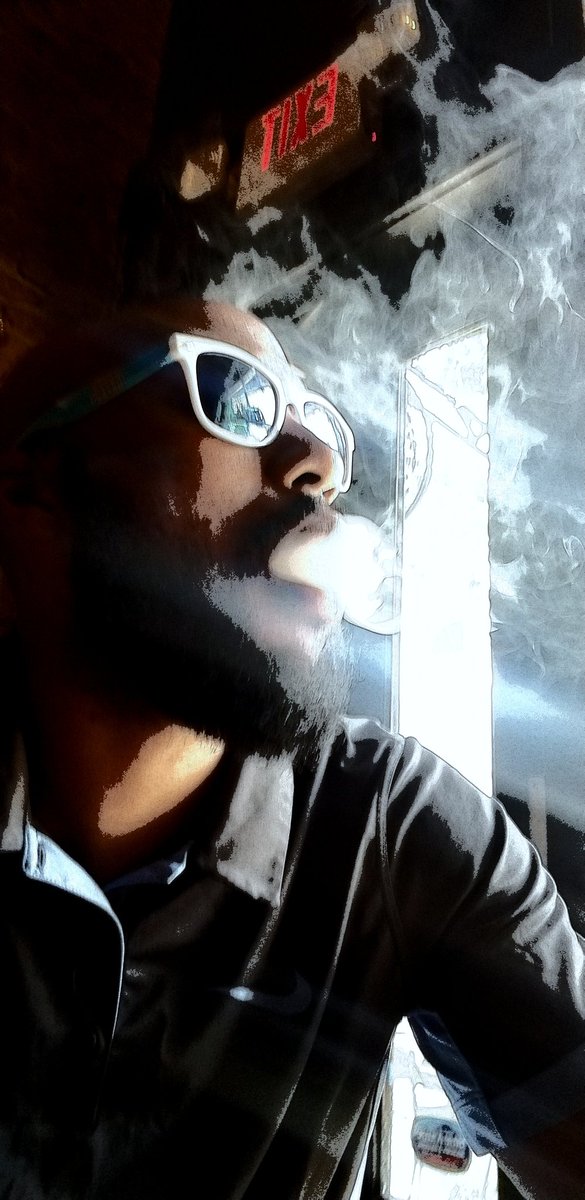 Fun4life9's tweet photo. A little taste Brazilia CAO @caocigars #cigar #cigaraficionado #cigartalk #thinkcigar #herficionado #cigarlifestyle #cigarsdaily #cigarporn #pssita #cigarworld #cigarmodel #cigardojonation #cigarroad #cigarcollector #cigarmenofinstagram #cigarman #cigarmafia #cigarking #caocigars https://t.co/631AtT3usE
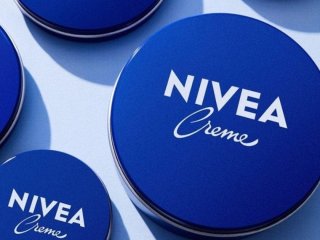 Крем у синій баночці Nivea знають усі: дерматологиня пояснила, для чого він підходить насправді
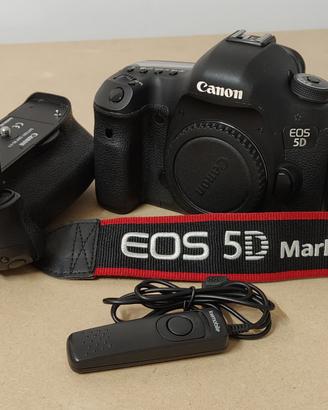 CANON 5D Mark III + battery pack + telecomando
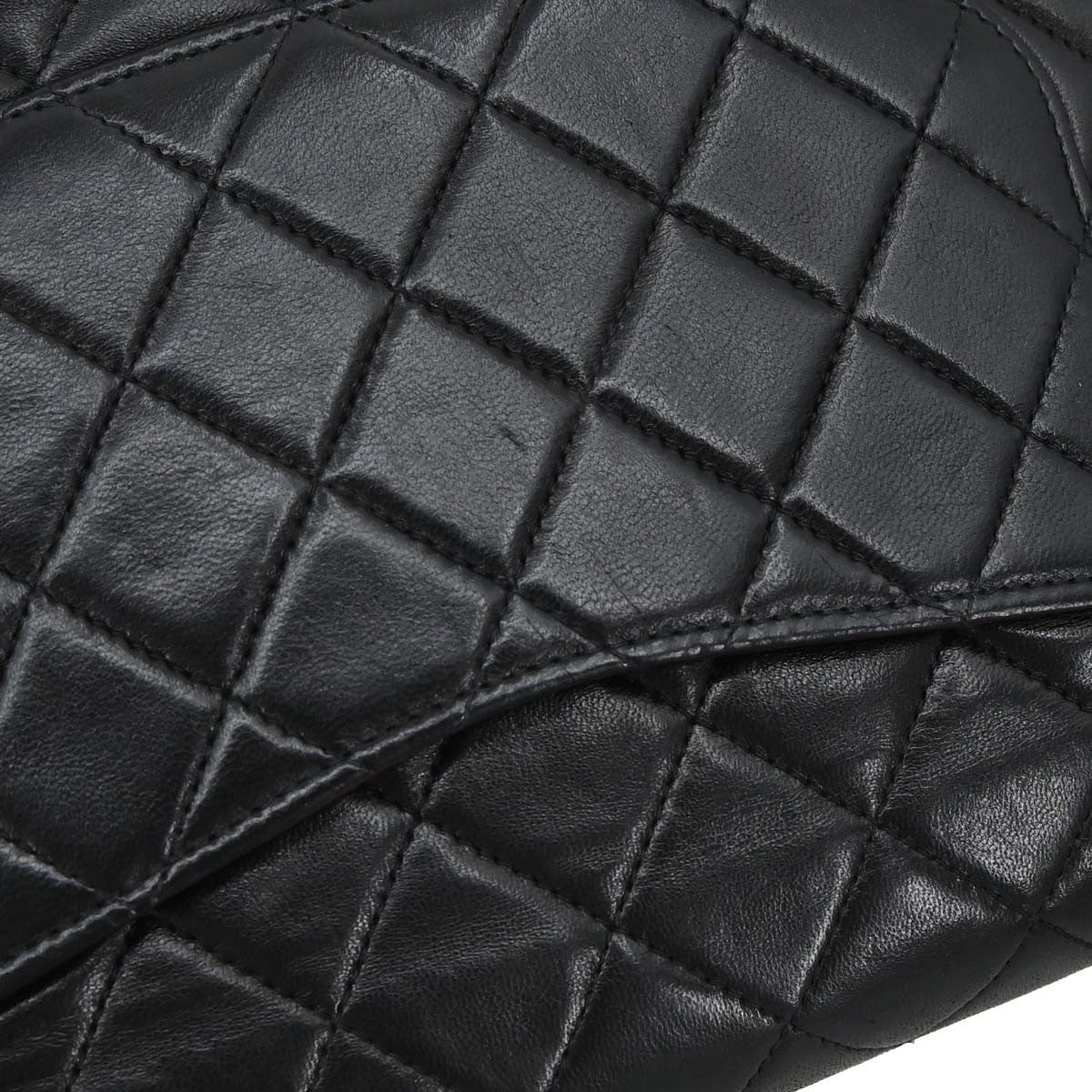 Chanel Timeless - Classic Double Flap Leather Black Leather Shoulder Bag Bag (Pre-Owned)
***
REQUIRED ACTION: The expected output is every line of the data, unchanged, with the pictures skipped.

RESPONSE TO THIS TASK:
 Fun4life9's tweet photo. A little taste Brazilia CAO @caocigars #cigar #cigaraficionado #cigartalk #thinkcigar #herficionado #cigarlifestyle #cigarsdaily #cigarporn #pssita #cigarworld #cigarmodel #cigardojonation #cigarroad #cigarcollector #cigarmenofinstagram #cigarman #cigarmafia #cigarking #caocigars https://t.co/631AtT3usE
 Крем у синій баночці Nivea знають усі: дерматологиня пояснила, для чого він підходить насправді
 CANON 5D Mark III + battery pack + telecomando
 Chanel Timeless - Classic Double Flap Leather Black Leather Shoulder Bag Bag (Pre-Owned)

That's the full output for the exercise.